***** RECORD SET
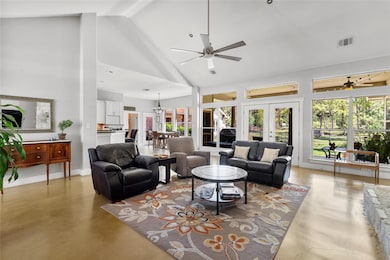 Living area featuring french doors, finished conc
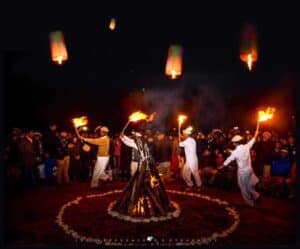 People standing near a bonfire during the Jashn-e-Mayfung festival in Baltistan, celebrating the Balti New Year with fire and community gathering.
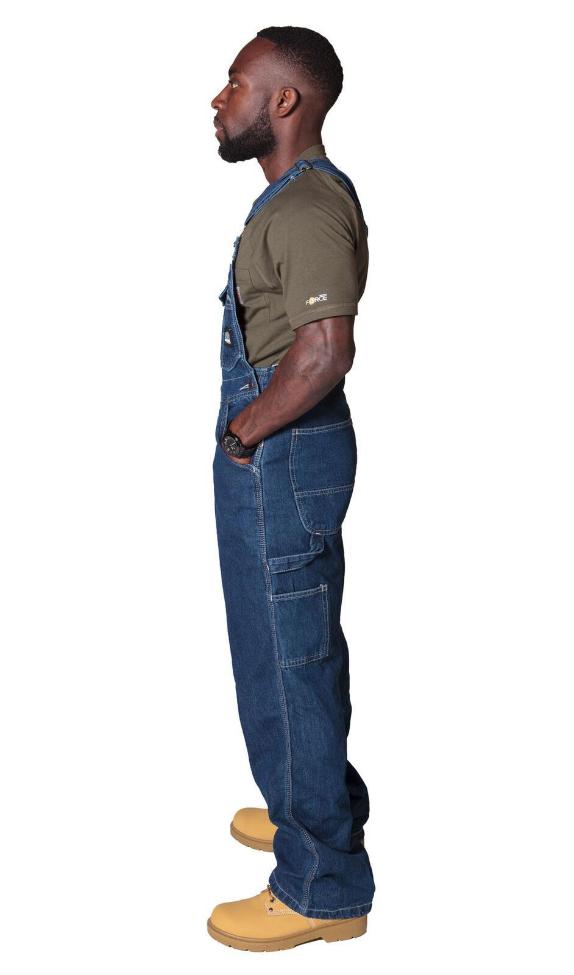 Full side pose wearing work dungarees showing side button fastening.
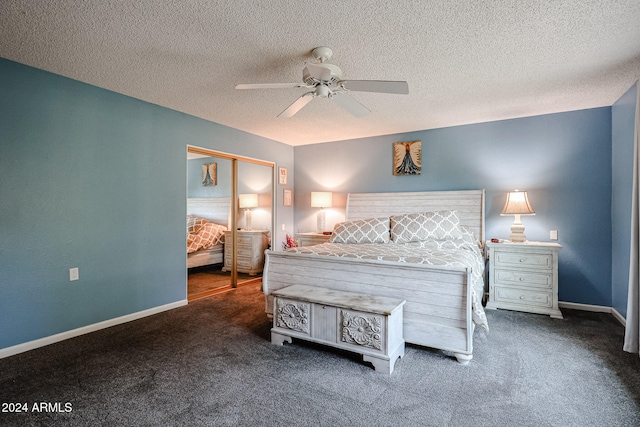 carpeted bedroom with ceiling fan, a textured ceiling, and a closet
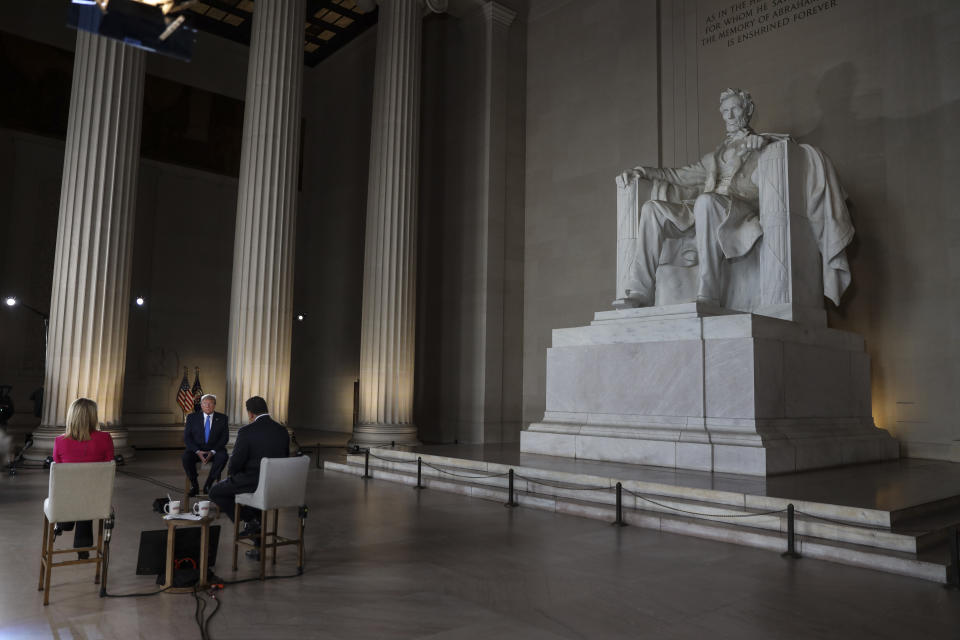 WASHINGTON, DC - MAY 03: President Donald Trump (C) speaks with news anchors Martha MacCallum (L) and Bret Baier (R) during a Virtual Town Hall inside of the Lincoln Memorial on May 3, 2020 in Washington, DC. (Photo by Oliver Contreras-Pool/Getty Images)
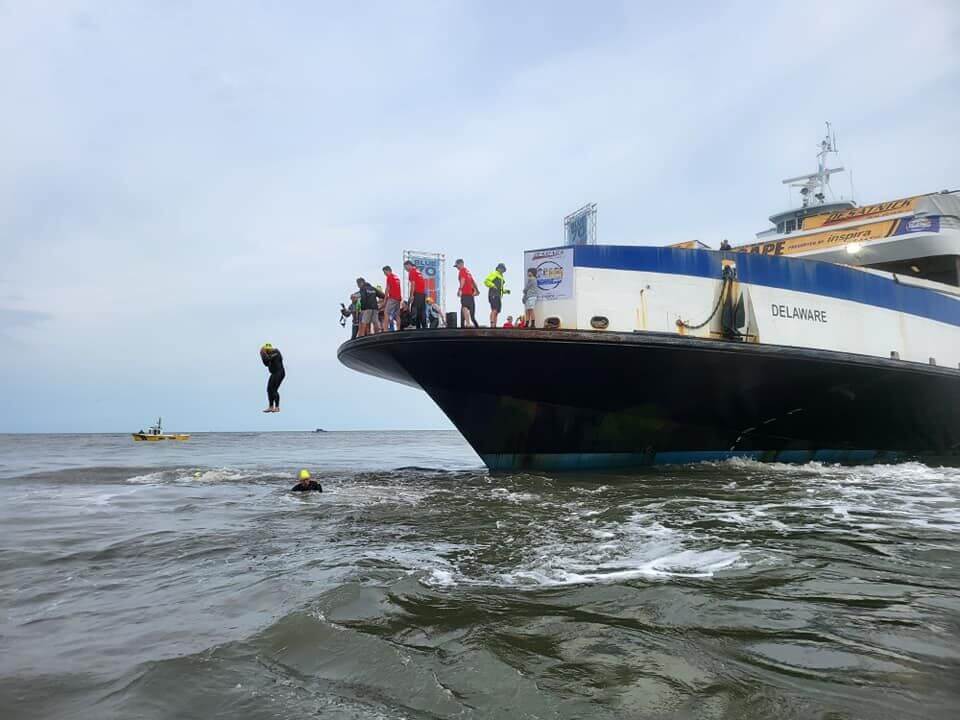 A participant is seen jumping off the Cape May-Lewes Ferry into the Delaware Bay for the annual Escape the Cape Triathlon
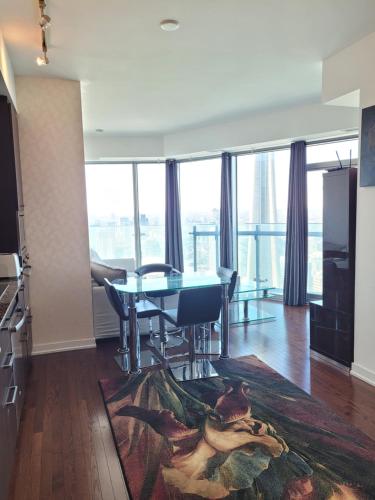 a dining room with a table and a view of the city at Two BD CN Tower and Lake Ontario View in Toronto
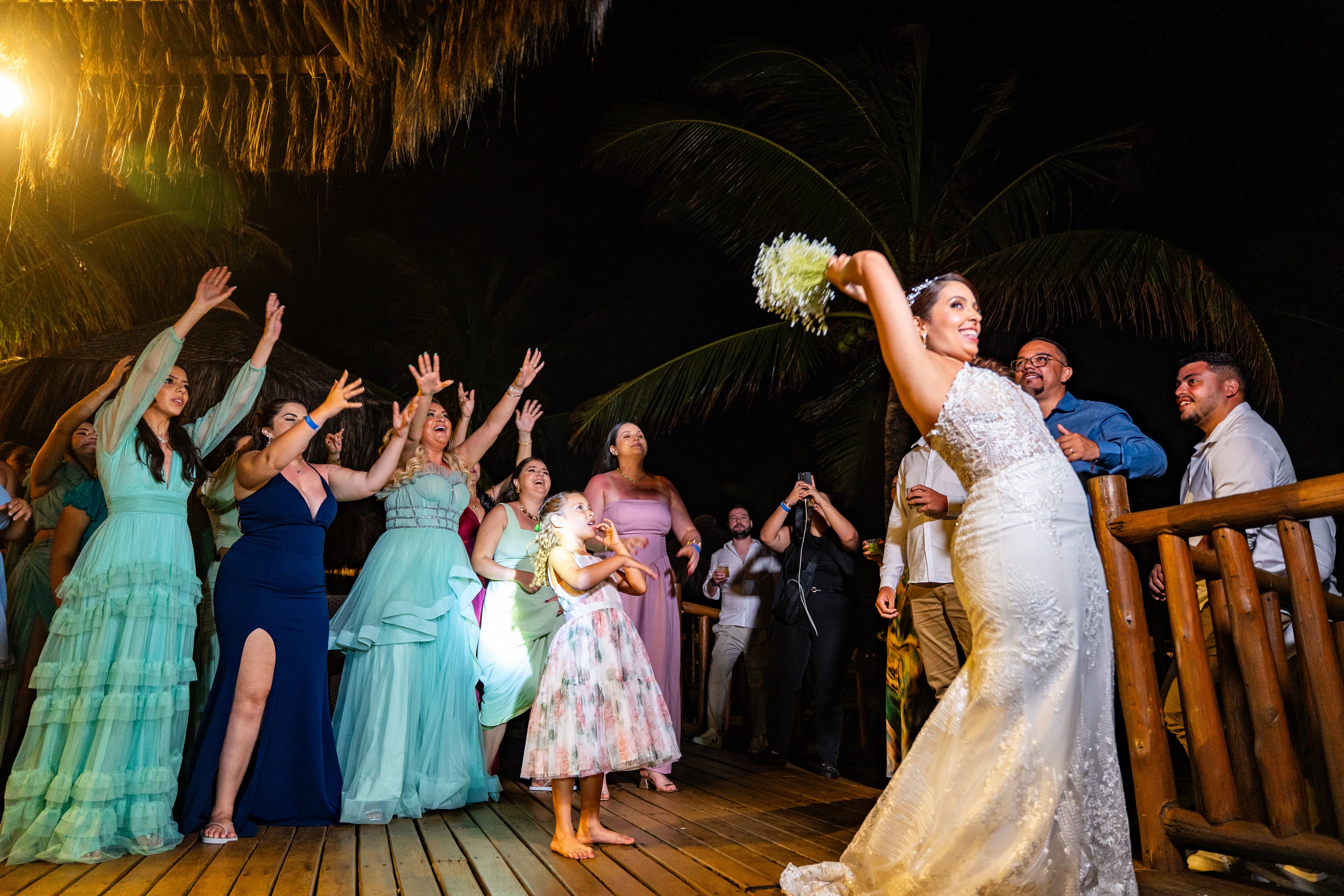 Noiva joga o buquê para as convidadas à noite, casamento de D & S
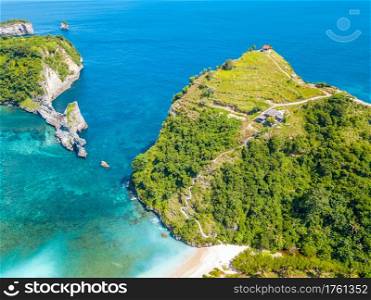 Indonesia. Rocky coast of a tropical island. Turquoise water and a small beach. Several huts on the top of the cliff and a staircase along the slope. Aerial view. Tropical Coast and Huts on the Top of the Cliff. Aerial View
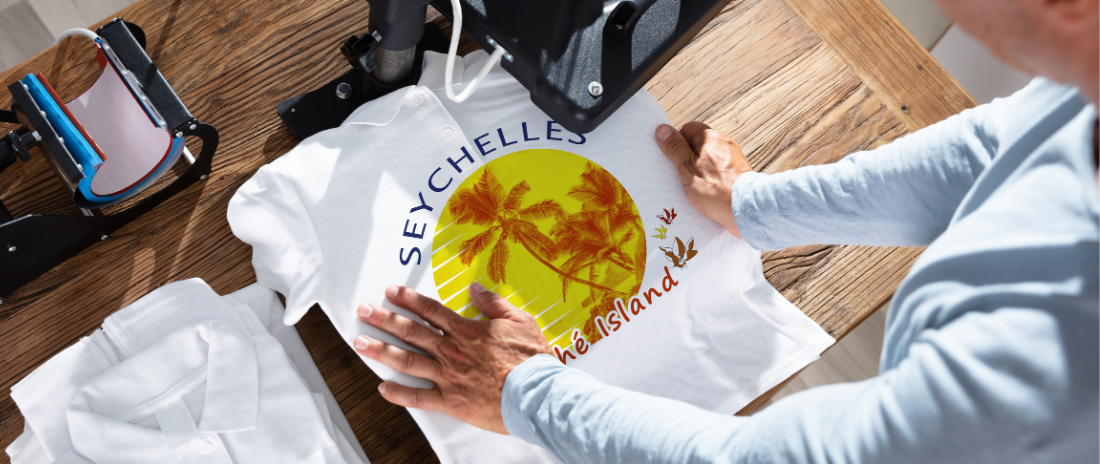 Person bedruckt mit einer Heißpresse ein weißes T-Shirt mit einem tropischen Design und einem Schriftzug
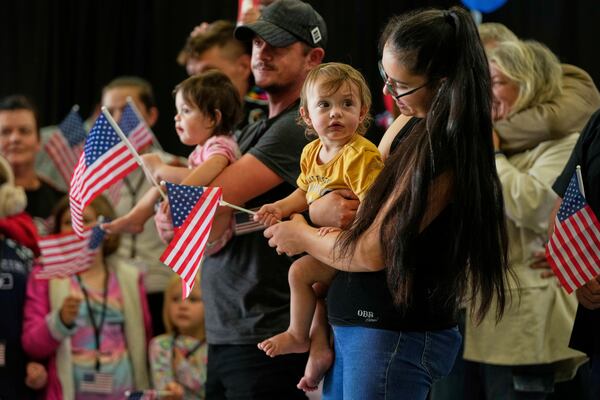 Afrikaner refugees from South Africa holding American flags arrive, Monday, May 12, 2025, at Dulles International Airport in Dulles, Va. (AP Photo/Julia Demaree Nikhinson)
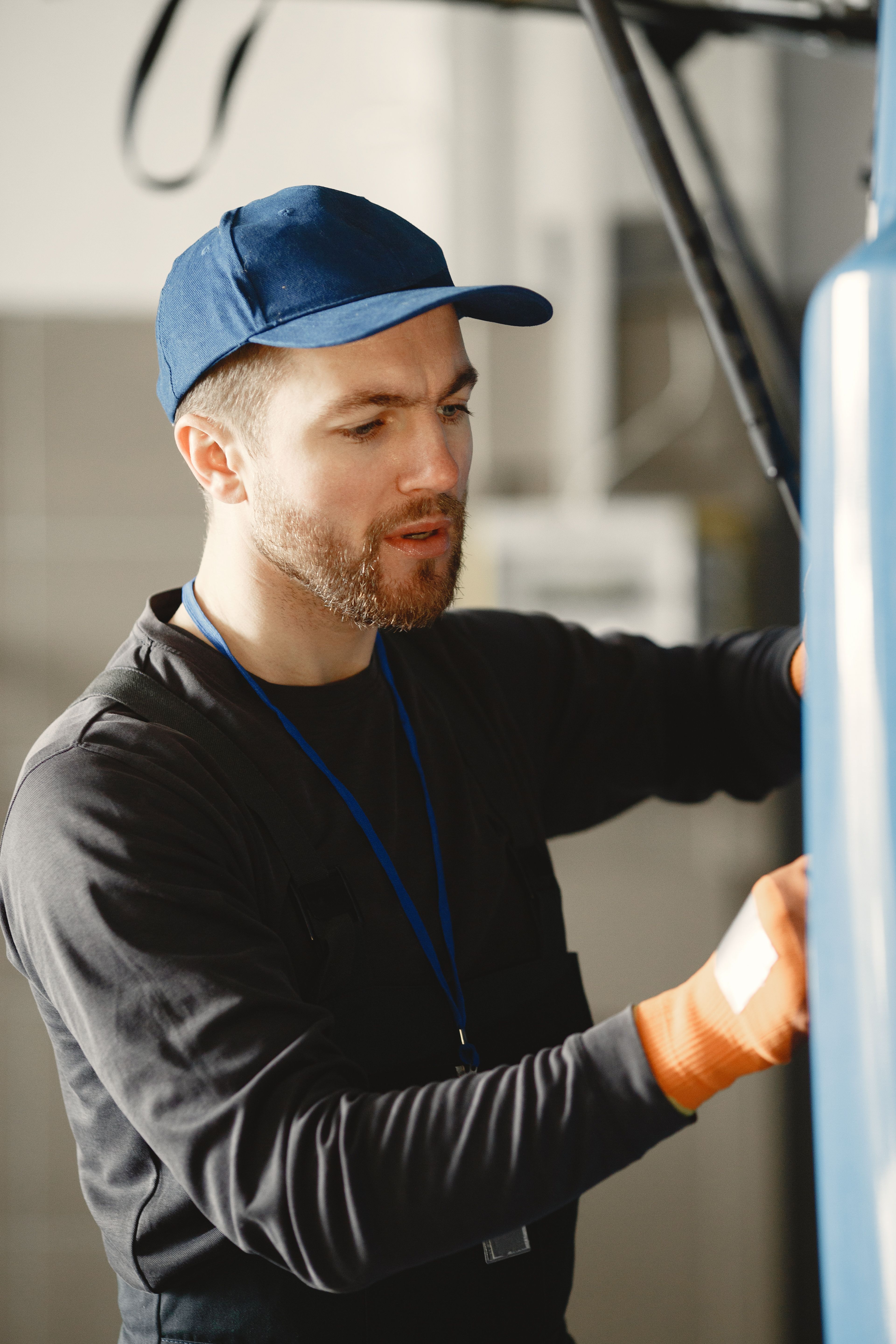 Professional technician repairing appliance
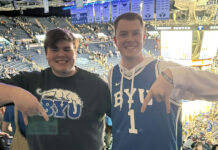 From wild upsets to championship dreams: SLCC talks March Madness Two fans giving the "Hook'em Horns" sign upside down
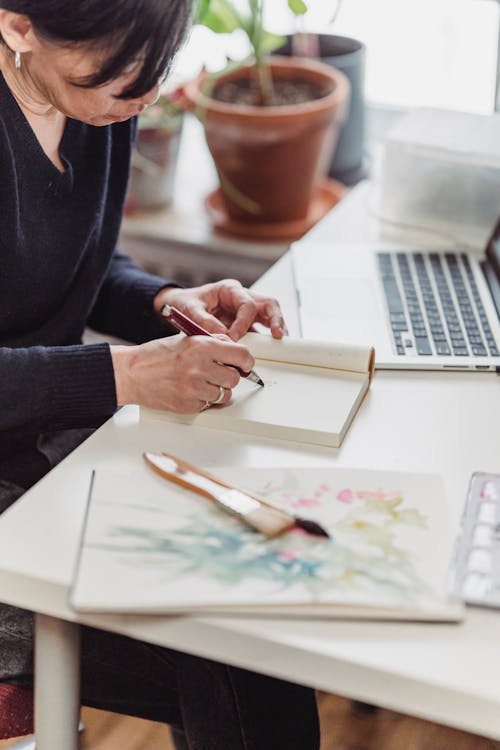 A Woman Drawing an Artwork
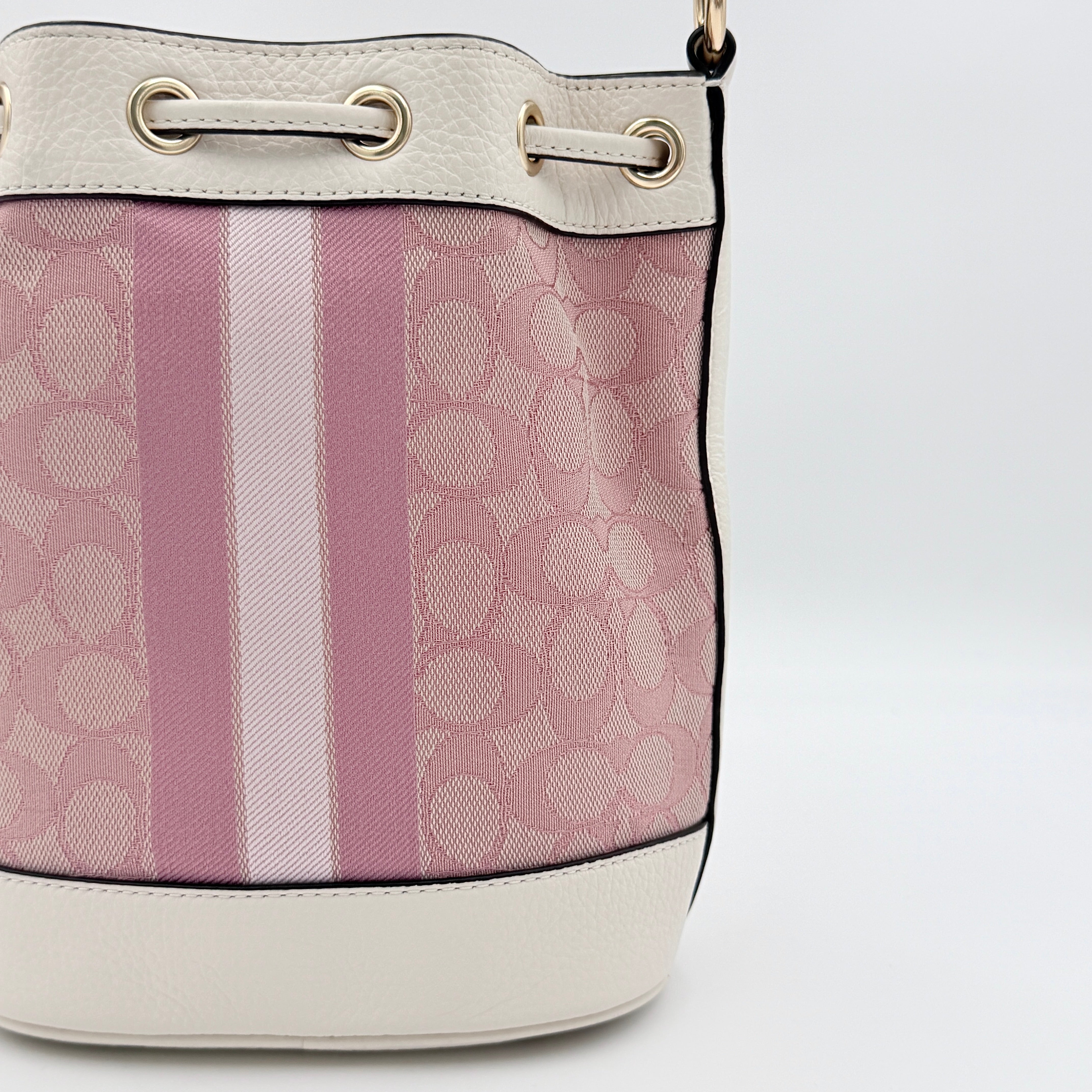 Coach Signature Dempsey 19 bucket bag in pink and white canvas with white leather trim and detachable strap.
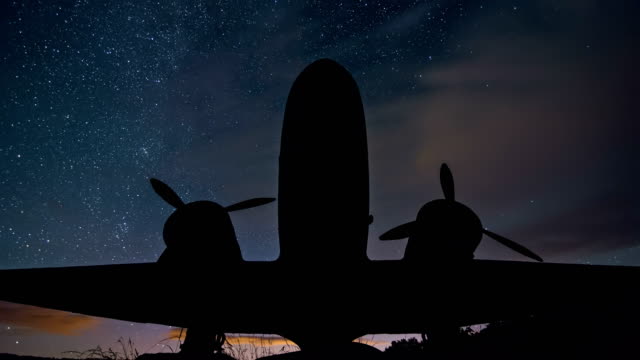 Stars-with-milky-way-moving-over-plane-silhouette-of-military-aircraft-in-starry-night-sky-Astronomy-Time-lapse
**********
TASK DETAILS —
The entries above are to be repeated in full, except for their pictures.

WRITTEN RESPONSE —
 Living area featuring french doors, finished conc
 People standing near a bonfire during the Jashn-e-Mayfung festival in Baltistan, celebrating the Balti New Year with fire and community gathering.
 Full side pose wearing work dungarees showing side button fastening.
 carpeted bedroom with ceiling fan, a textured ceiling, and a closet
 WASHINGTON, DC - MAY 03: President Donald Trump (C) speaks with news anchors Martha MacCallum (L) and Bret Baier (R) during a Virtual Town Hall inside of the Lincoln Memorial on May 3, 2020 in Washington, DC. (Photo by Oliver Contreras-Pool/Getty Images)
 A participant is seen jumping off the Cape May-Lewes Ferry into the Delaware Bay for the annual Escape the Cape Triathlon
 a dining room with a table and a view of the city at Two BD CN Tower and Lake Ontario View in Toronto
 Noiva joga o buquê para as convidadas à noite, casamento de D & S
 Indonesia. Rocky coast of a tropical island. Turquoise water and a small beach. Several huts on the top of the cliff and a staircase along the slope. Aerial view. Tropical Coast and Huts on the Top of the Cliff. Aerial View
 Person bedruckt mit einer Heißpresse ein weißes T-Shirt mit einem tropischen Design und einem Schriftzug
 Afrikaner refugees from South Africa holding American flags arrive, Monday, May 12, 2025, at Dulles International Airport in Dulles, Va. (AP Photo/Julia Demaree Nikhinson)
 Professional technician repairing appliance
 From wild upsets to championship dreams: SLCC talks March Madness Two fans giving the "Hook'em Horns" sign upside down
 A Woman Drawing an Artwork
 Coach Signature Dempsey 19 bucket bag in pink and white canvas with white leather trim and detachable strap.
 Stars-with-milky-way-moving-over-plane-silhouette-of-military-aircraft-in-starry-night-sky-Astronomy-Time-lapse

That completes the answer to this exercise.